From the line holding "VEGAS DEBAUCHABERRY" through the line holding "To Rwanda and Back: Liberat..." below, write out every line exactly; include both of those lines and drop the pictures.

** Source records follows **

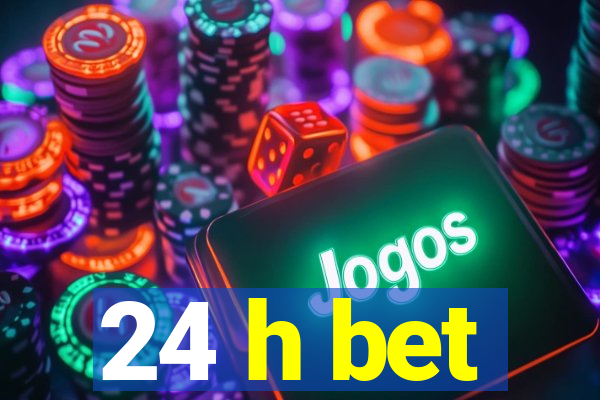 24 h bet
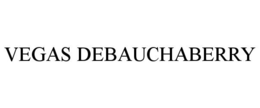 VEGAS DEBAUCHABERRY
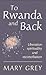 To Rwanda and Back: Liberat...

** End of Source records **
** Source records follows **

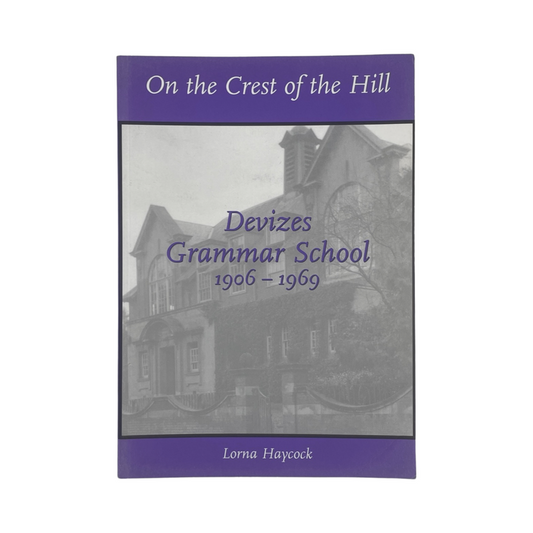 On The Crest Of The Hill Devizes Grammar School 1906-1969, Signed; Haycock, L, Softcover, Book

** End of Source records **
** Source records follows **

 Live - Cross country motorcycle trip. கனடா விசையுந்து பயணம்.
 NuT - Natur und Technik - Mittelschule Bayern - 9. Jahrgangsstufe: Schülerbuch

** End of Source records **

▶ Output for this exercise
 VEGAS DEBAUCHABERRY
 To Rwanda and Back: Liberat...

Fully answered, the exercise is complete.